Wesleyan Arguments in Favor of Prevenient Grace (Part IV) by Thomas Schreiner

By April 23, 2011Prevenient Grace

Dr. Thomas Schreiner

Dr. Thomas Schreiner

For all Bible-believing Christians, the most important question in matters of doctrinal dispute is this: what is the Bible’s teaching as it pertains to the issue at hand? Calvinists and Armimans likewise must turn to the Bible. The critical question is whether or not the doctrine of prevenient grace is supported by Scripture. We cannot examine this issue until we see the arguments that are put forward to defend the doctrine. Wesleyans use at least four arguments to support the idea that prevenient grace is a doctrine rooted in Scripture.

First, the Scripture text that is appealed to quite often is John 1:9.[34]  ”The true light that gives light to every man was coming into the world.” The meaning of this text is not analyzed in detail by Wesleyan scholars, but their understanding seems clear enough. The coming of Jesus Christ into the world brought enough light to all people so that they are now able to reject or accept the message of the gospel. The illumination (photizet) refers to the granting of grace that overcomes the darkness that penetrated human hearts as a result of Adam’s sin. This illumination does not guarantee salvation; it simply makes it possible for men and women to choose salvation.

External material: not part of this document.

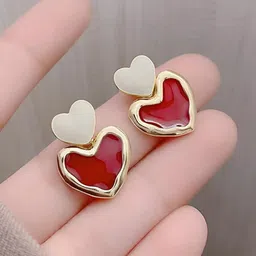 Nellist Gold Plated Heart Shaped Enamelled Drop Earrings-image-6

Such an understanding of the verse may be confirmed in the subsequent context. Some rejected the light and ”did not receive him” (John 1:11), while others responded to the light and ”received him” (John 1:12). It should also be noted that this illumination is not restricted to a few. It is granted to ”every person” (panta anthropon). This would support the Wesleyan view that prevenient grace is given to all people.

A second argument employed by Wesleyans is that prevenient grace is granted in the atonement of Christ (e.g., Tit. 2:11; John 12:32).[35]  This argument is bound up with the universality of Christ’s atonement. His death for all necessarily implies that grace is given to some extent to all. The argument is that Christ would not die for all unless all were granted the opportunity to accept or reject him. John 12:32 can be understood as supporting this theory. Jesus says, ”But I, when I am lifted up from the earth, will draw all men to myself.” Henry Thiessen says about this verse, ”There issues a power from the cross of Christ that goes out to all men, though many continue to resist that power.”[36]  In the death of Christ grace is operative so that all people are ”drawn” (helkuo) to him. The drawing does not guarantee salvation but makes it possible,[37] supporting the idea that grace is given in the atonement that reverses the total inability of people to choose God. In addition, it should be pointed out that John 12:32 refers to ”all people” (pantas). The grace given in the atonement is not limited to some but is universally distributed, giving all people everywhere the opportunity to respond or reject it.

The third Wesleyan argument in favor of prevenient grace has a theological cast. God must have granted the power to choose him because otherwise the warnings, invitations, and commands in Scripture are meaningless.[38]  Why would God give commands to people if they are unable to put them into practice? There are numerous texts in Scripture in which cornmands, invitations, and warnings are employed. Perhaps Romans 2:4 is a particularly appropriate verse to cite in support.[39]  ”Or do you show contempt for the riches of his kindness, tolerance and patience, not realizing that God’s kindness leads you toward repentance?” God would not cornmand people to repent and be waiting for them to repent if he knew that they could not do so. His kindness is such that he has provided the means for every person to repent if they would only avail themselves of that means.

Fourth, prevenient grace is supported by the very nature of God.[40]  A God of mercy, wisdom, justice, and love would not leave human beings without an opportunity to repent and choose salvation. A God of love and mercy who desires all to be saved (1 Tim. 2:4) would see to it that all have the chance to partake of salvation. If God elects only a few, he is guilty of partiality.[41]